====== Supplied entries ======

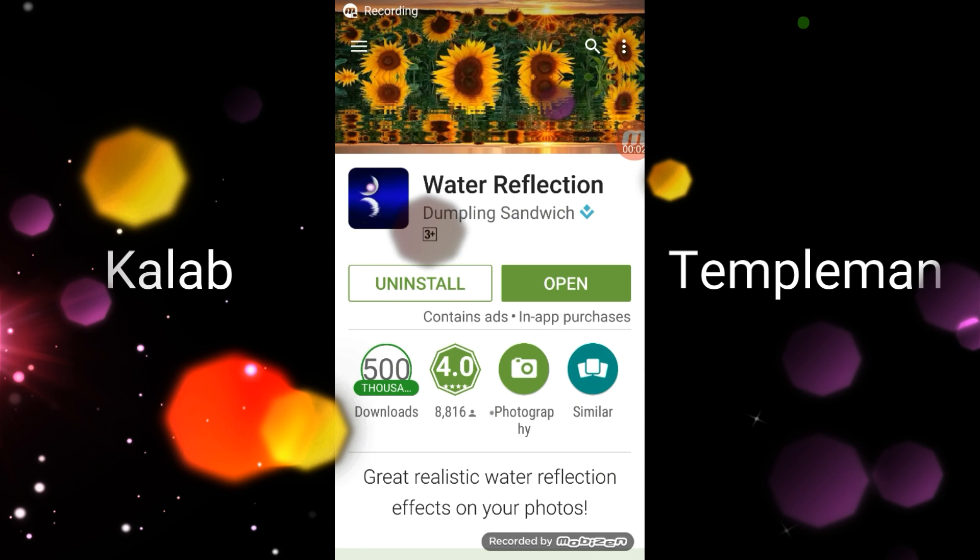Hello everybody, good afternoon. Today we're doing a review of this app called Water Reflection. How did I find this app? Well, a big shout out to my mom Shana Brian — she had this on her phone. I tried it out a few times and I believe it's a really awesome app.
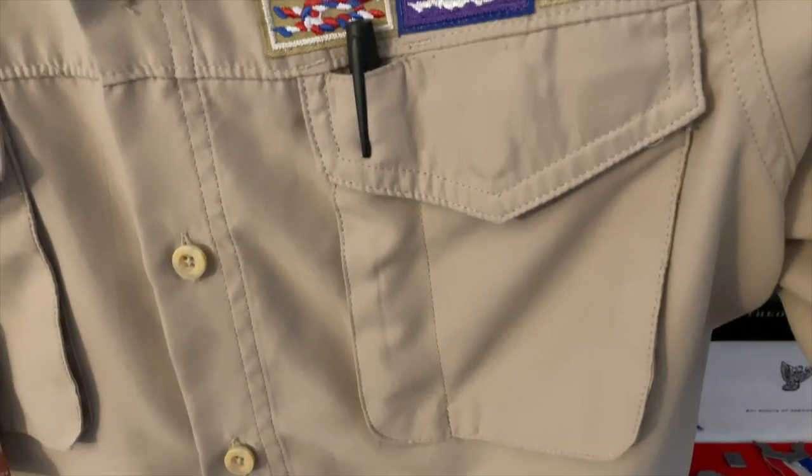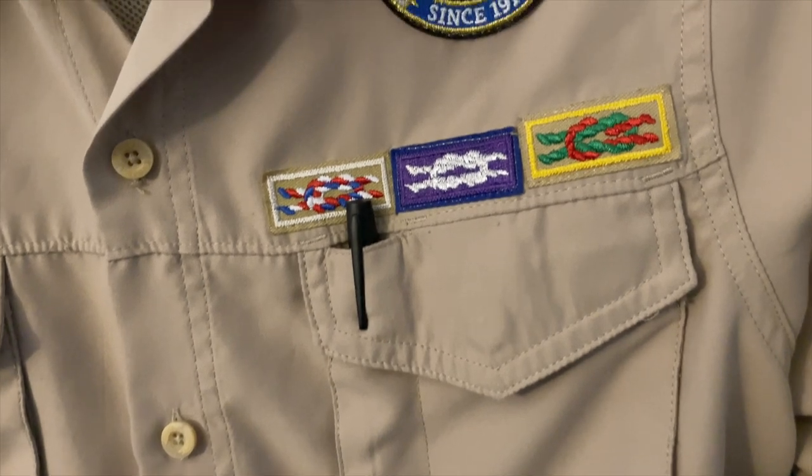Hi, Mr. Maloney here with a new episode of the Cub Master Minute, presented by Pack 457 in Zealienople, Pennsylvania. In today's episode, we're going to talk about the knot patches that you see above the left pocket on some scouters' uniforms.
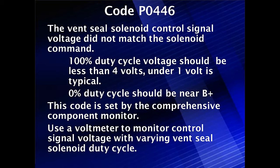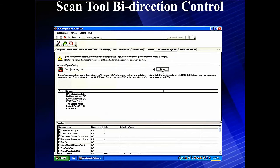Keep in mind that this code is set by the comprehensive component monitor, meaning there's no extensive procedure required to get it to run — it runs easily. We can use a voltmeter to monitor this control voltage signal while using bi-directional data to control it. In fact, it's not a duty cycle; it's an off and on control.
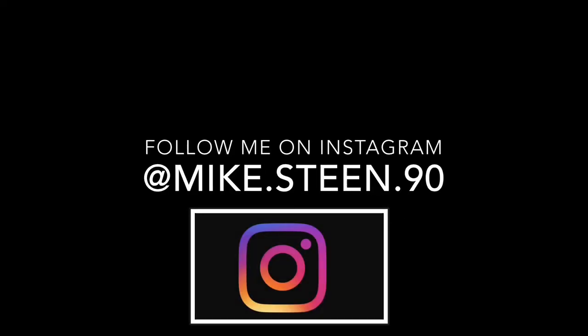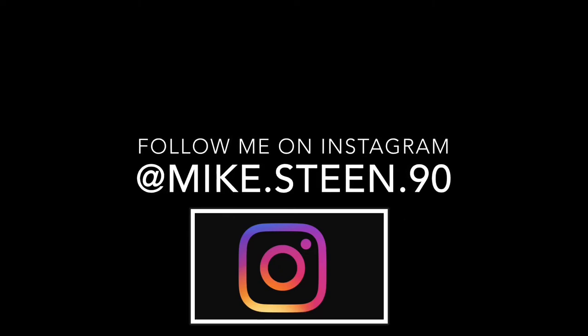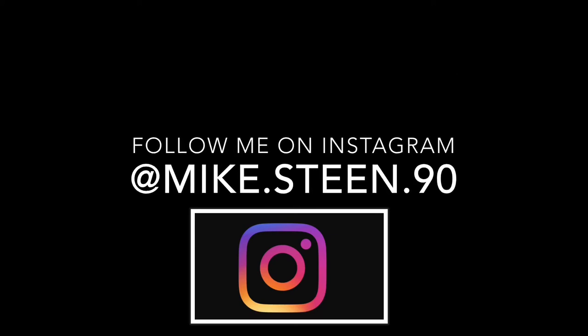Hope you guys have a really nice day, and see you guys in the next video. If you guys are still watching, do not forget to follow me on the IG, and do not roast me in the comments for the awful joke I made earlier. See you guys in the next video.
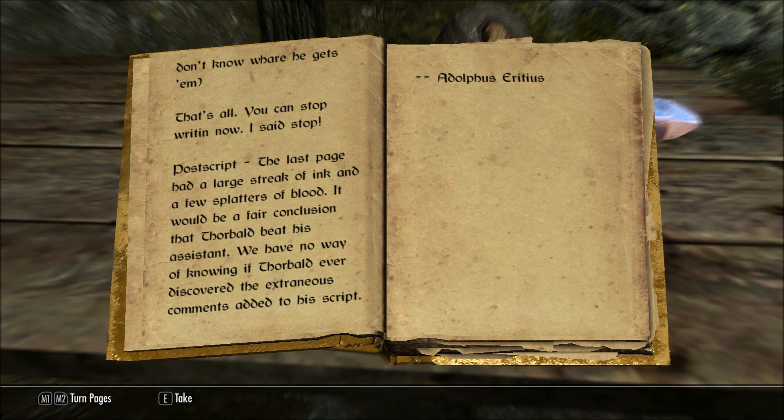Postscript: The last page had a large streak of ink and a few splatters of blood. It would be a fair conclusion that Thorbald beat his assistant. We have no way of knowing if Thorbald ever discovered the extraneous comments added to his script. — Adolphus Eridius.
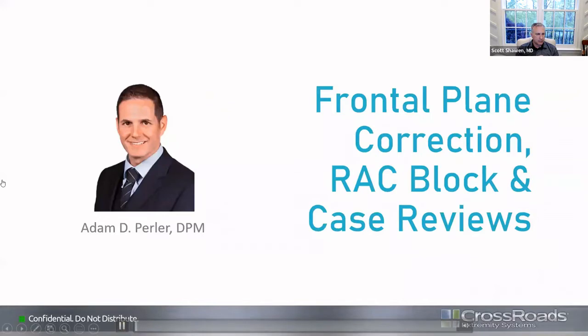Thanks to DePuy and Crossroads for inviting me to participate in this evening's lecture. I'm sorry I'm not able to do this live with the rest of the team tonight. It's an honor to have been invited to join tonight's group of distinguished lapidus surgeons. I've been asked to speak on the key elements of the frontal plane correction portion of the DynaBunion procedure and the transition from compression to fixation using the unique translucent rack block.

======

# Required work
Could you please return the entries above exactly, minus the pictures?

# Task response
Hello everybody, good afternoon. Today we're doing a review of this app called Water Reflection. How did I find this app? Well, a big shout out to my mom Shana Brian — she had this on her phone. I tried it out a few times and I believe it's a really awesome app.
Hi, Mr. Maloney here with a new episode of the Cub Master Minute, presented by Pack 457 in Zealienople, Pennsylvania. In today's episode, we're going to talk about the knot patches that you see above the left pocket on some scouters' uniforms.
Keep in mind that this code is set by the comprehensive component monitor, meaning there's no extensive procedure required to get it to run — it runs easily. We can use a voltmeter to monitor this control voltage signal while using bi-directional data to control it. In fact, it's not a duty cycle; it's an off and on control.
Hope you guys have a really nice day, and see you guys in the next video. If you guys are still watching, do not forget to follow me on the IG, and do not roast me in the comments for the awful joke I made earlier. See you guys in the next video.
Postscript: The last page had a large streak of ink and a few splatters of blood. It would be a fair conclusion that Thorbald beat his assistant. We have no way of knowing if Thorbald ever discovered the extraneous comments added to his script. — Adolphus Eridius.
Thanks to DePuy and Crossroads for inviting me to participate in this evening's lecture. I'm sorry I'm not able to do this live with the rest of the team tonight. It's an honor to have been invited to join tonight's group of distinguished lapidus surgeons. I've been asked to speak on the key elements of the frontal plane correction portion of the DynaBunion procedure and the transition from compression to fixation using the unique translucent rack block.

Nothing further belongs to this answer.